In 1999, she founded Eco-Tek, an environment-protection company listed on the Growth Enterprise Market. The same year she was named one of Hong Kong's Ten Outstanding Young People.
Controversy flared two years later, when Kistefos Investment, a Norwegian shareholder, took legal action against Pacific Challenge Holdings, a company involved in corporate finance and stock trading of which Chiang had become chairwoman. Kistefos alleged improprieties in several deals, including one it claimed was 'an attempt by Chiang to siphon away the cash assets of the company for her own benefit'.
This led the Securities and Futures Commission to investigate whether Chiang; Pau Kwok-ping, former chief executive of Eco-Tek Holdings; and another investor, Anthony Cham Wai-ho, had breached the takeover code.

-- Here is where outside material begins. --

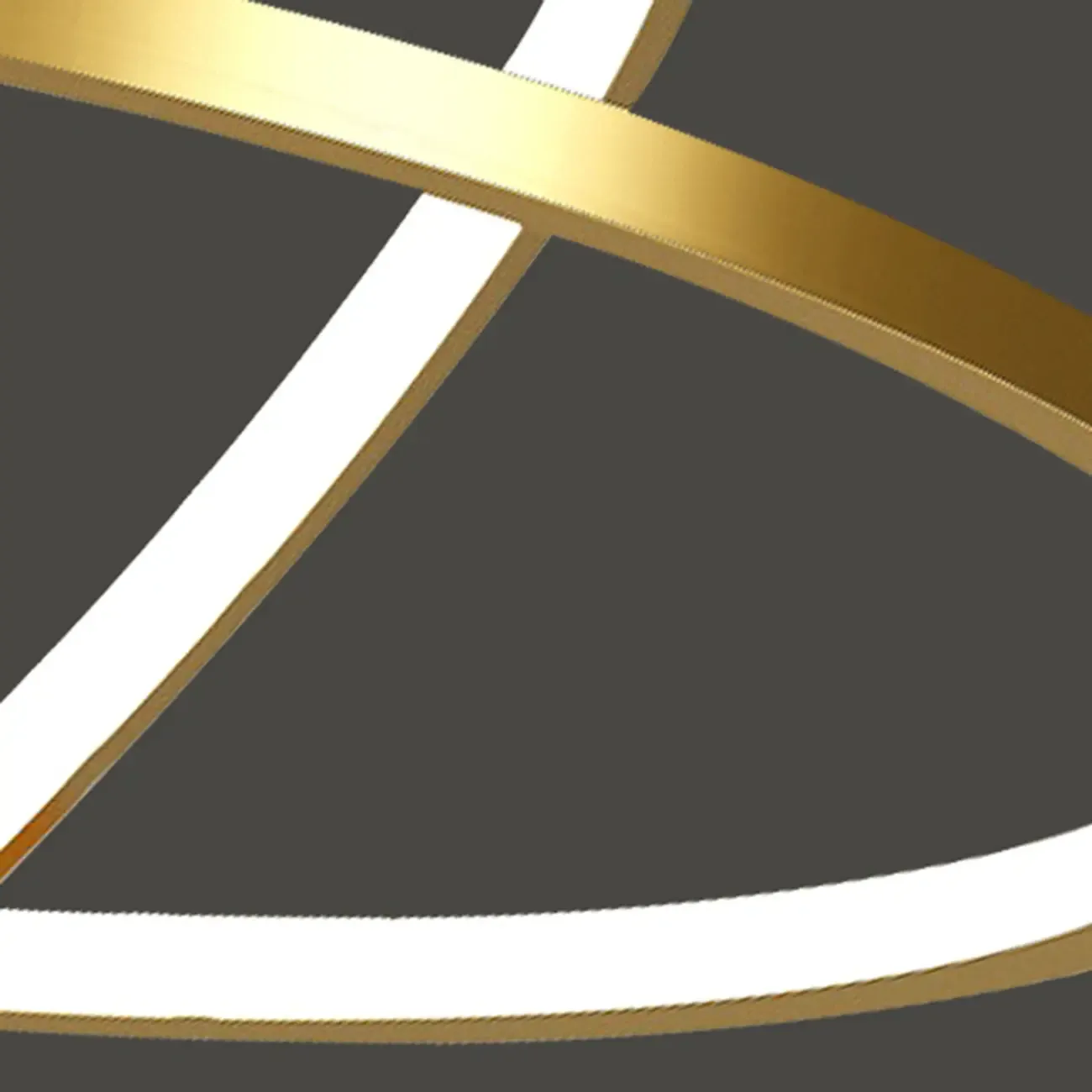 Modern Gold Ring Stairwell Chandelier Warm Light LED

In August 2002, as part of a general offer, Chiang sold her stake in Pacific Challenge and resigned as chairwoman. The legal battle ended in August 2004, when Chiang and Kistefos settled out of court.
Meanwhile, the SFC continued to investigate Chiang and found she had violated the takeover code. The disciplinary panel was then chaired by former executive councillor Henry Fan Hung-ling - who was on the board of an Eco-Tek competitor called Dah Chong Hong.
A second SFC investigation cleared her in July 2007. But the ICAC picked up the case. The graft-busting agency had been headed by Fan's younger sister, Fanny Law Fan Chiu-fun, in 2006 and 2007 - a relationship of which Chiang made an issue at her trial.
The graft-buster first interviewed her in October 2007 and charged her in January 2008, just eight months after she was elected chairwoman of the Hong Kong General Chamber of Commerce.
This time she was accused of pocketing more than HK$3.7 million by instructing others to hold share options or shares of Pacific Challenge and Eco-Tek on her behalf. Pau and her former employee, Tahir Hussain Shah, were also charged.
It was also alleged that before the listing of Eco-Tek on December 5, 2001, Pau had asked Chiang's personal assistant, Yip Yuk-chun, to hold 8.84 million Eco-Tek shares in her name. Yip, who worked for Chiang for 15 years, testified against Chiang under immunity.
After the ICAC filed its charges, Chiang stepped down as the chamber's chairwoman and filed a series of judicial reviews and appeals, all the way to the Court of Final Appeal, to have her case heard in the High Court with a jury.
The trial finally started in the District Court without a jury in December last year.
It ended yesterday, when the District Court found that Chiang, Pau and Shah were guilty of fraud.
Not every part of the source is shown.